Map unique text column values to sequential numbers.

When to use this tool

Use when you want to categorize values.

Configuration

Use the following configuration to use the Category encoder.

Configuring Category encoder
  1. In your , add your data source.

  2. Click symon_add_icon.png + Add tool.

  3. Click See all tools.

  4. In the search bar, search for Category encoder. Click Add tool.

    Tip

    You can also find the Category encoder tool in the Clean section.

  5. Connect the tool to your data set.

  6. In the configuration pane, enter the following information:

    Table 44. Category encoder tool configuration

    Field

    Description

    Category column

    Select the column to map the values from.

    Alias

    Enter the name of the column.



  7. (Optional) Click + Selection to add a new selection.

Encoding 2 values to 1 number

There is a case where the Category encoder will encode two values to one number. When you build the pipe, the encoder learns the unique values in the column, and assigns a numeric value to each column. When you export the pipe, the encoder assigns the same numeric value for the values it already knows about. If there’s a value that the Category encoder did not learn in the build, it assigns it a particular value, such as max value + 1.

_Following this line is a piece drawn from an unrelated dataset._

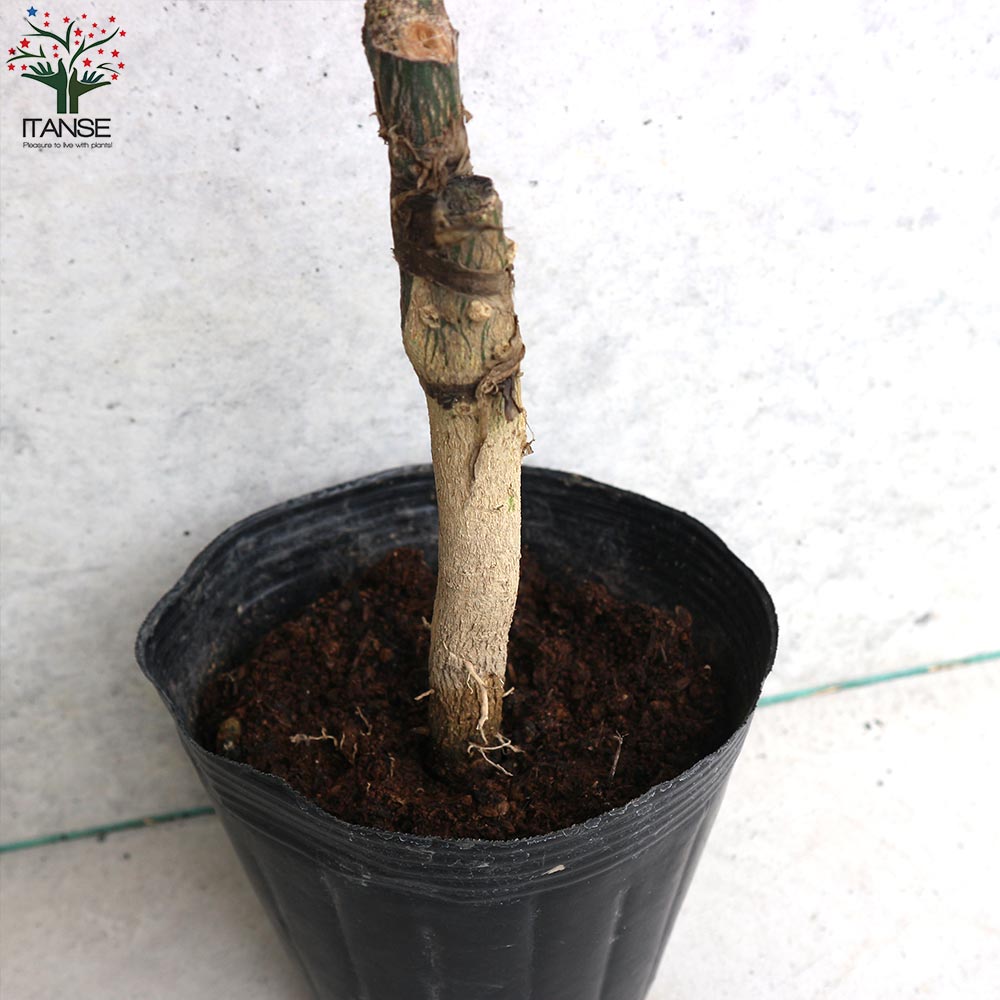 みかんの苗 紀州種無し小みかん(品種：無核紀州)【果樹の苗木 15cm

For example, if the Category encoder learns about A, B and C in the build, then the Category encoder sees A, D and E in the export. The encoder will assign A to 0, D to 3 and E to 3.

A blank empty string or text value in the build and in the export gets assigned to that particular value. If in the build there’s A, B and blank, the encoder assigns A to 0, B to 1, and blank to 2. Then, in export, if there’s A, blank, D and E, it will assign A to 0, blank to 2, D to 2 and E to 2.